# Simplex early 30s



## sam (Jan 21, 2017)




----------



## bulldog1935 (Jan 21, 2017)

single cable, the cable pulls the cam, which pushes the piston in the sleeve and moves the derailleur outward.  
a spring on the other end returns it.


----------



## sam (Jan 21, 2017)

Correct Bulldog , simple and light. Handles 1/8th chain for a 3 speed block. I plan on using it on the 30s mystery touring frame I'm building.
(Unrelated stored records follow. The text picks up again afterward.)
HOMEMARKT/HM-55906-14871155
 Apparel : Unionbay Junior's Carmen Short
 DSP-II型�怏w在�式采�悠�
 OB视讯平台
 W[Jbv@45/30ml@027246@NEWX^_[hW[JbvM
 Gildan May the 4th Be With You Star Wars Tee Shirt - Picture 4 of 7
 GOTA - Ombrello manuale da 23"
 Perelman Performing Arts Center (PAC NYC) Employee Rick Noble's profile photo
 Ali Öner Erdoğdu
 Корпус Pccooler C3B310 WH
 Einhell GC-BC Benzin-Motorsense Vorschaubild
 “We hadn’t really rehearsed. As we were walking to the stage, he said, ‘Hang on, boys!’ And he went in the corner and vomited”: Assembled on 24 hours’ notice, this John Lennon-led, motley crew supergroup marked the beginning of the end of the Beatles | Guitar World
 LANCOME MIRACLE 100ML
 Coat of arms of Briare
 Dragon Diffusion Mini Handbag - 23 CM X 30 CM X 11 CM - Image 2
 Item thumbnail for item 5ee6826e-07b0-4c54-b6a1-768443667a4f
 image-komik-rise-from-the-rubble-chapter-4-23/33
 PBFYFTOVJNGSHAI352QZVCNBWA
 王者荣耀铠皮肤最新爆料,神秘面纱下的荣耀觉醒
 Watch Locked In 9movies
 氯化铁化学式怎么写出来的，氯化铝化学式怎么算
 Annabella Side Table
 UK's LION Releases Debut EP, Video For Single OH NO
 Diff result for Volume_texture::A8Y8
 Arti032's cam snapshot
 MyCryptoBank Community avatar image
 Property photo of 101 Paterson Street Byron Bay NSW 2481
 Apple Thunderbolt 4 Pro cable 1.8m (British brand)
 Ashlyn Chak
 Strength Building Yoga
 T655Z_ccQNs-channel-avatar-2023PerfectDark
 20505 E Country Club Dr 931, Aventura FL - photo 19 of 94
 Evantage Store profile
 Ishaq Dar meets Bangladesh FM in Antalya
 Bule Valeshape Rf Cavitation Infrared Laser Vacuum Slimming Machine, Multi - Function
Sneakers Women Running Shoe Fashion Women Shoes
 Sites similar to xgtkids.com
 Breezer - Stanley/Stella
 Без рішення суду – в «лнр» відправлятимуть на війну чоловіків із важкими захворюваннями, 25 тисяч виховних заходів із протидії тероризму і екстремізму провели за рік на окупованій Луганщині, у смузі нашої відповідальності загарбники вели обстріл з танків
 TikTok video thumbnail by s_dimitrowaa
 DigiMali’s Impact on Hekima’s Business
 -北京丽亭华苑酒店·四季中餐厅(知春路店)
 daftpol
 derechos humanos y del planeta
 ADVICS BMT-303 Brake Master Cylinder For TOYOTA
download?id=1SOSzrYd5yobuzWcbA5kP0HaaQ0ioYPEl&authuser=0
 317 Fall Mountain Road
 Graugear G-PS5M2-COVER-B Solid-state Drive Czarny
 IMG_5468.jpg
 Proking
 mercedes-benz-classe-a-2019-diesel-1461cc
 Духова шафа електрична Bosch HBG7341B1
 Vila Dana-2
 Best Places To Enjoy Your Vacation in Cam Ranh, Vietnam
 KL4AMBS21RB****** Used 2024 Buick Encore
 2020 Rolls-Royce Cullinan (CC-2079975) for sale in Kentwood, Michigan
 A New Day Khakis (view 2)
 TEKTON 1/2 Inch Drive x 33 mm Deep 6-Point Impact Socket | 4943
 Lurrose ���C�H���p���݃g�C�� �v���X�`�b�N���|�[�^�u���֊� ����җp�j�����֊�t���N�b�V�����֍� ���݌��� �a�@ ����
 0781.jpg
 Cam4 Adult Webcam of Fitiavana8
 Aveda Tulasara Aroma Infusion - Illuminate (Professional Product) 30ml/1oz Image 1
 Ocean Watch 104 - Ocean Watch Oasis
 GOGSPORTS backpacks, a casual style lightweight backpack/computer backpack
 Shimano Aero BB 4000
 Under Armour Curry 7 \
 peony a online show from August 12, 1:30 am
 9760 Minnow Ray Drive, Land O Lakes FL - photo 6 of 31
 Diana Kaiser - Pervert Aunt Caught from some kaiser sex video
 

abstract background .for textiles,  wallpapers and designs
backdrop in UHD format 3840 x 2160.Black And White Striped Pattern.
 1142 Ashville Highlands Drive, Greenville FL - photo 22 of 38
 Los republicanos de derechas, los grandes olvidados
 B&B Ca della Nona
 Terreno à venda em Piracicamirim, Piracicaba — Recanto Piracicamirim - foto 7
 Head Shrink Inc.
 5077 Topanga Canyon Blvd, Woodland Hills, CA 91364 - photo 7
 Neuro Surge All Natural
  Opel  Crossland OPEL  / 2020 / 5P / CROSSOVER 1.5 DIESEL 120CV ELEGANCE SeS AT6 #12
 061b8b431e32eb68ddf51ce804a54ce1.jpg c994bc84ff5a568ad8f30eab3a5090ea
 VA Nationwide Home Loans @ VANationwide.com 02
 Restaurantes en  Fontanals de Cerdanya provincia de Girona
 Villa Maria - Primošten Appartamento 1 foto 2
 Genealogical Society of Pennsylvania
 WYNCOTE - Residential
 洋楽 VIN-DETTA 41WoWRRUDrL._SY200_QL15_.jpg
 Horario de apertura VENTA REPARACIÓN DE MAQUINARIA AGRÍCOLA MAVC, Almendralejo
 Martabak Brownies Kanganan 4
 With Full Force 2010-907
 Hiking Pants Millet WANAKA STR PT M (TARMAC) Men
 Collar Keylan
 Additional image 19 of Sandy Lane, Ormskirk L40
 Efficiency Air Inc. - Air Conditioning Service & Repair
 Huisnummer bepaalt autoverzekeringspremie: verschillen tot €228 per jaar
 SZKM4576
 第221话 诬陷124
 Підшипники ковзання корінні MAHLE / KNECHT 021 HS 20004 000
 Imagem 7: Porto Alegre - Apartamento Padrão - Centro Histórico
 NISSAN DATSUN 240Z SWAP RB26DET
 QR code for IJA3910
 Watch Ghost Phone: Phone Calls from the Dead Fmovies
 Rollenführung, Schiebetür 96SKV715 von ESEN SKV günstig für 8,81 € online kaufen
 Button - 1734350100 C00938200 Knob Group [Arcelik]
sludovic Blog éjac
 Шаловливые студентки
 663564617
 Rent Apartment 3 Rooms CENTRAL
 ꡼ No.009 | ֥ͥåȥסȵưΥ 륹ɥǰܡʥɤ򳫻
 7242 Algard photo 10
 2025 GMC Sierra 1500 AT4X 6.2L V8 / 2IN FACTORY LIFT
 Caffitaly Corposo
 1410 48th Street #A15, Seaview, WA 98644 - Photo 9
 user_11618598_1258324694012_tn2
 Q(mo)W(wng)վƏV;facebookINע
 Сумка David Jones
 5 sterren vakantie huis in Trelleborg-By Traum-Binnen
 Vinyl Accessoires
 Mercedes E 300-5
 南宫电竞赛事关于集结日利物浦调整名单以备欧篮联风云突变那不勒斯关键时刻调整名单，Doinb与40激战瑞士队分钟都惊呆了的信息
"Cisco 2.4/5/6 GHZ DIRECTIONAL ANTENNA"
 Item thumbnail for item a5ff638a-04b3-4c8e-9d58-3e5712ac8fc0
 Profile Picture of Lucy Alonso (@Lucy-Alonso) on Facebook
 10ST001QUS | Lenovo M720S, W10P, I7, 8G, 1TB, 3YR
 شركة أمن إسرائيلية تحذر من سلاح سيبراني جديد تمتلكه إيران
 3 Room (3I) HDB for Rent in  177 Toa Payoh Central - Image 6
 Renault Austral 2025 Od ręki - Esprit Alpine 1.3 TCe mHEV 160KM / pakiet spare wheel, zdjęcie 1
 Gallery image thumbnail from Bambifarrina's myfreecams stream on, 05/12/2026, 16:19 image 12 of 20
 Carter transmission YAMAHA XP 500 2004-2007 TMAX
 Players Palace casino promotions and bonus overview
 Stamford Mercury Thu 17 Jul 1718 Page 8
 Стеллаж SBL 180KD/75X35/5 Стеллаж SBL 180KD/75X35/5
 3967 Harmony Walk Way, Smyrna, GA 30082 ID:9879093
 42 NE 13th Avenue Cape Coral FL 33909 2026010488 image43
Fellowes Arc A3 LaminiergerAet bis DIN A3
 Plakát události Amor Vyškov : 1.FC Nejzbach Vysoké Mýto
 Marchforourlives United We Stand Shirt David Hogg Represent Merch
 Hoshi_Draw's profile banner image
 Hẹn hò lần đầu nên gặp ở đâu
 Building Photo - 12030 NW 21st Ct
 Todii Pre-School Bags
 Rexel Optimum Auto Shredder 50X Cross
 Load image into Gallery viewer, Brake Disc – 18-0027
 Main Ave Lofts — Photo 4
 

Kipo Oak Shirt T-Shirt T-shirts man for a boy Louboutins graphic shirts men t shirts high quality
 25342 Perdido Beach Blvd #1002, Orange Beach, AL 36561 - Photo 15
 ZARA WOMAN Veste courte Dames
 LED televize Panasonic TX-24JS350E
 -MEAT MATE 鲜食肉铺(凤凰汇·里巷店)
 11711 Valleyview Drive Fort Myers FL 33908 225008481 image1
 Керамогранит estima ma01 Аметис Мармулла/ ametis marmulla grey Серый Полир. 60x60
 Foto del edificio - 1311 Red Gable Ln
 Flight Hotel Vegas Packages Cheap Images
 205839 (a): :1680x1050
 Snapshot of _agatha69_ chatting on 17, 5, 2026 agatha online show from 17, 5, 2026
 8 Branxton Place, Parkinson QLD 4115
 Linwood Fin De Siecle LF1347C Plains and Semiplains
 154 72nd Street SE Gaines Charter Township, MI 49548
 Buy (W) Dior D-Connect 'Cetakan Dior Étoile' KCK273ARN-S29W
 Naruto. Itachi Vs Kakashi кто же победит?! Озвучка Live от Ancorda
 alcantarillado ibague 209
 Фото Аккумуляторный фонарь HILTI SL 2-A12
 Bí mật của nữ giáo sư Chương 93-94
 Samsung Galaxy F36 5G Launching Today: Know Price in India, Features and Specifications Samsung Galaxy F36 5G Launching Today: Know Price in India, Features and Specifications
Cyclo was another good choice but the simplex is a lot lighter and looks better too.


----------



## bulldog1935 (Jan 22, 2017)

btw, Chuck Schmidt offers classic brands tee-shirts (and linen musette bags), including this 1930s Simplex logo



Though I must admit I like his black graphic shirts better than the complicated color iron-ons.
The TA shirt is my favorite, and I also have the Raleigh exploded diagram


 
http://www.velo-retro.com/T-brands.html
http://www.velo-retro.com/T-drawings.html


----------



## Dale Alan (Jan 22, 2017)

Cool stuff,really like those Velo-Retro links. Going to have to look that over,tons of stuff.


----------



## bulldog1935 (Jan 22, 2017)

Chuck also does custom - he made some Veloflex shirts for my daughter and me


----------